**What is expected**
Exactly as written, retype the lines that run from the line holding "Step number three: set" through the end of the records below. Do not include pictures.

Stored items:
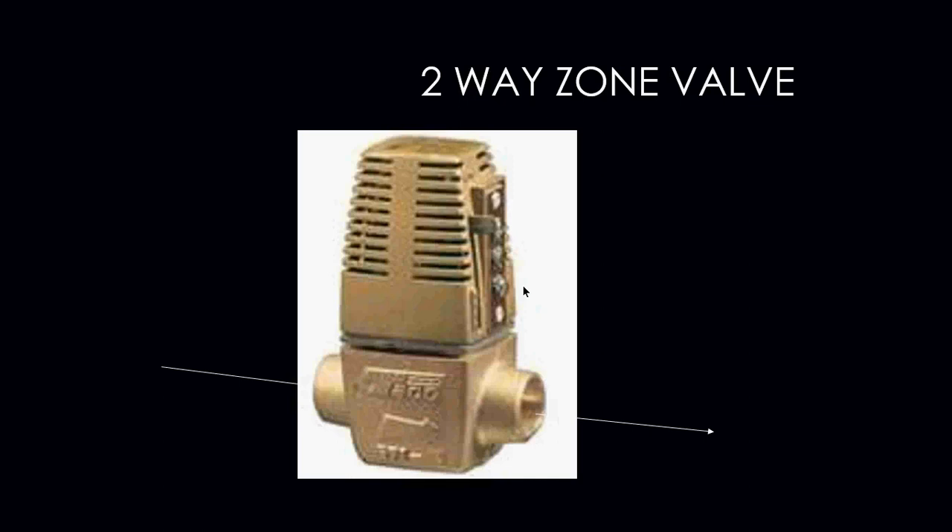This is your example of a two-way zone valve — in this case, the TACO heat motor zone valve. One thing we always need to pay attention to when it comes to zone valves is that you have to always put them in the correct direction. On the body of every zone valve is an arrow. That arrow needs to be pointing in the direction of water flow. That arrow needs to be installed facing in the direction of water flow in order for this zone valve to work properly.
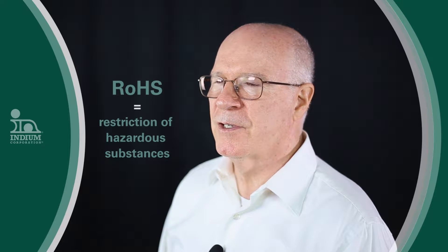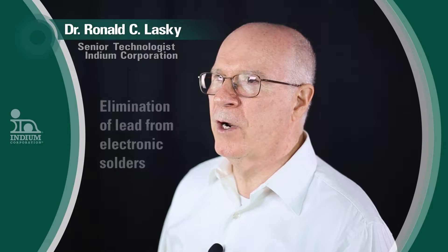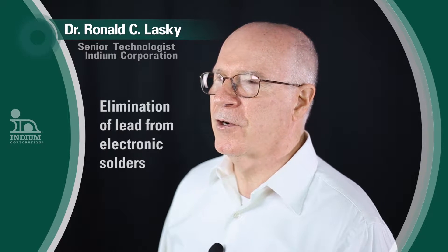A little background. RoHS is a European Union law. It stands for Restriction of Hazardous Substances. This law restricts a handful of chemicals in electronics, most notably for those of us in electronic assembly, lead. The law essentially requires the elimination of lead from electronic solders.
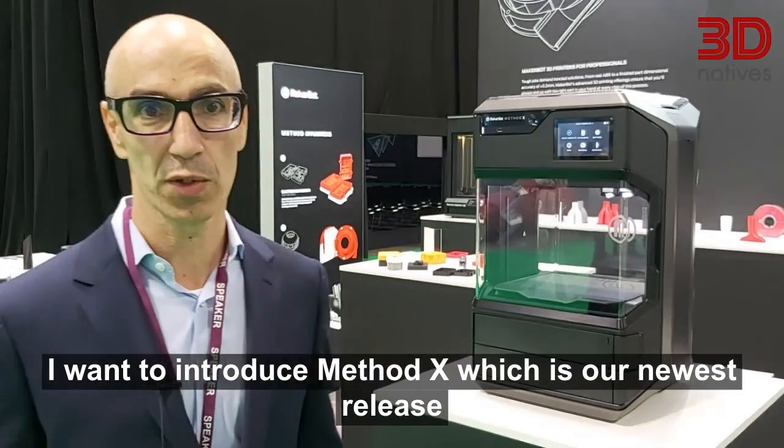Hello, my name is Andav Goshen, I'm the CEO of MakerBot. We are at TCT and I want to introduce Method X, which is our newest release.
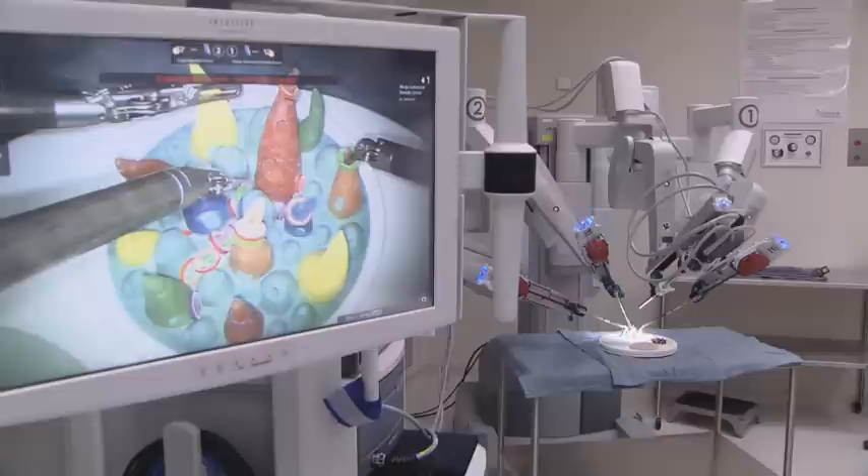We have behind me here the da Vinci robot, which is the latest innovation in surgery. It has been around probably for several years, but we recently acquired one here at our hospital at Baylor Irving.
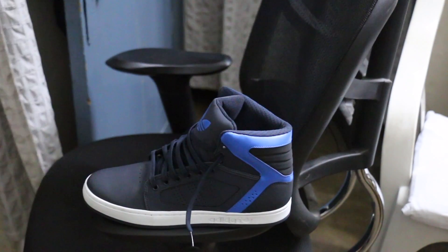Hi everyone, welcome to our video. Today we are going to review these Adidas Originals men's high extension basketball shoes. The colorway is black and blue.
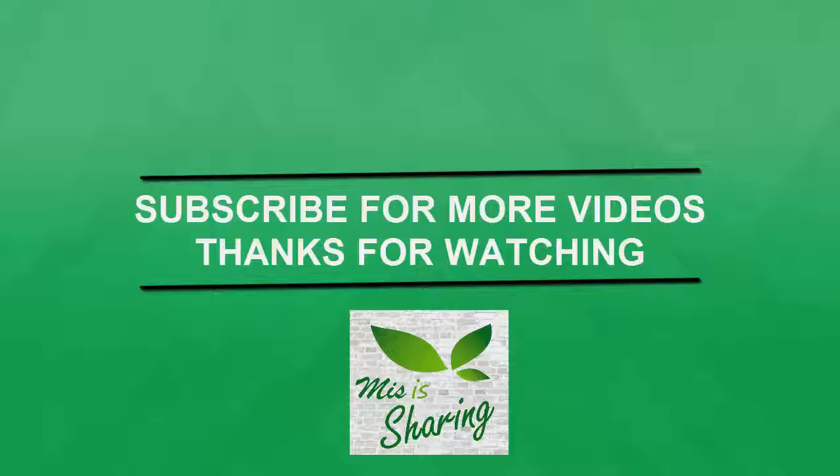Stay tuned for more interesting videos. Do subscribe for future updates. Thanks for watching.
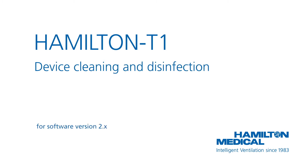This how-to video will show you how to clean and disinfect your Hamilton T1. Although we are using a Hamilton T1 in this video, all the procedures we demonstrate here are the same for Hamilton C1 and Hamilton MR1 ventilators.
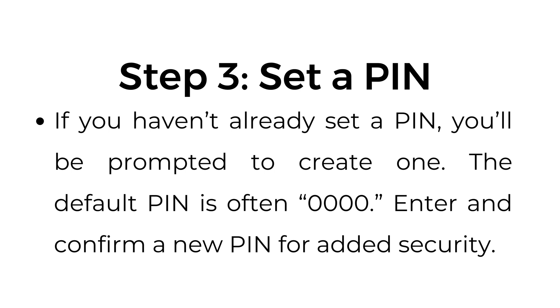Step number three: set a PIN. If you haven't already set a PIN, you'll be prompted to create one. The default PIN is often 0000. Enter and confirm a new PIN for added security.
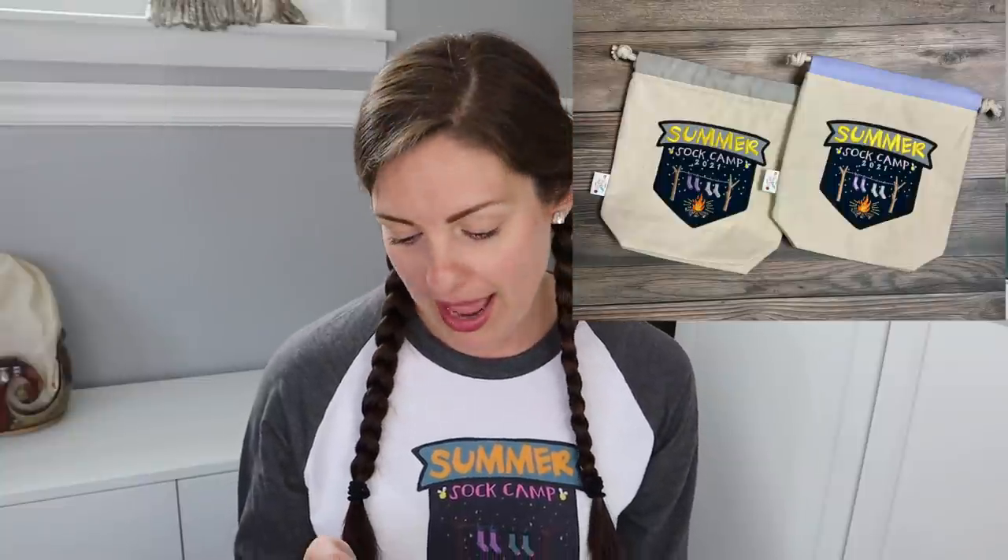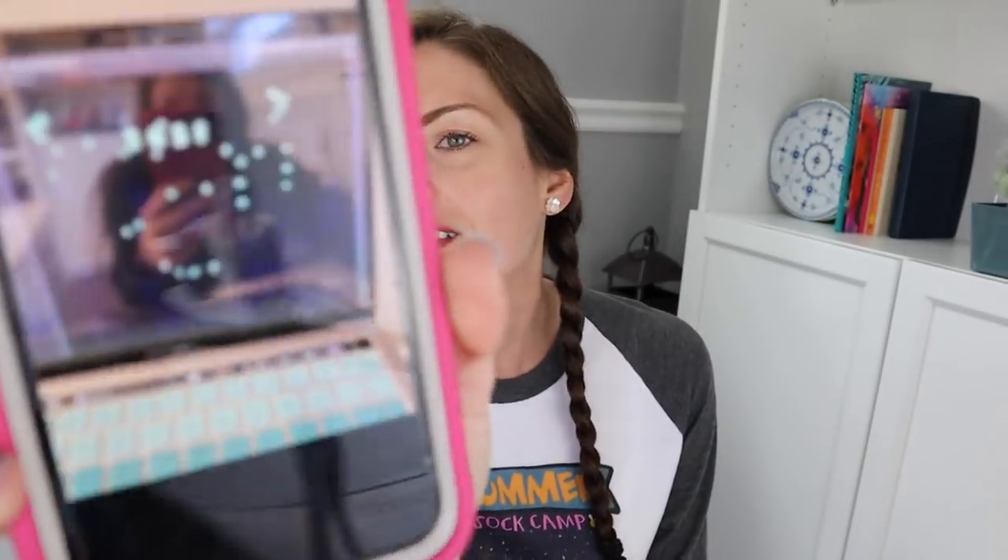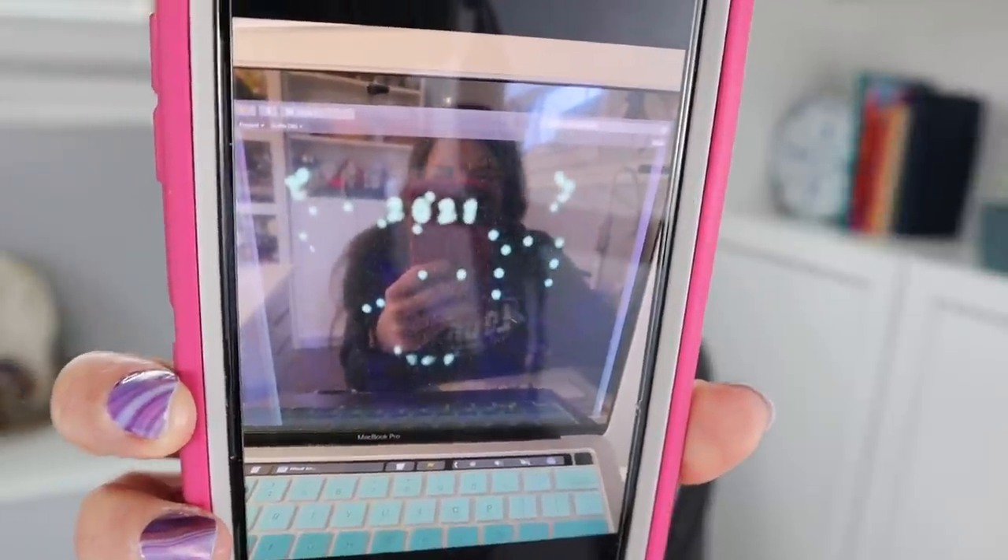One of our bag makers is Vida of So Crazy Crafter. She has done a drawstring bag with the Summer Sock Camp logo embroidered on the front. She's going to have two different options for the fabric at the top of the bag - purple and gray - and these glow in the dark. The fireflies glow in the 2021 design! I think that is super cute and such a unique idea. Vida's update is going to be April 1st at 10 AM Eastern.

**Answer to this exercise**
Step number three: set a PIN. If you haven't already set a PIN, you'll be prompted to create one. The default PIN is often 0000. Enter and confirm a new PIN for added security.
One of our bag makers is Vida of So Crazy Crafter. She has done a drawstring bag with the Summer Sock Camp logo embroidered on the front. She's going to have two different options for the fabric at the top of the bag - purple and gray - and these glow in the dark. The fireflies glow in the 2021 design! I think that is super cute and such a unique idea. Vida's update is going to be April 1st at 10 AM Eastern.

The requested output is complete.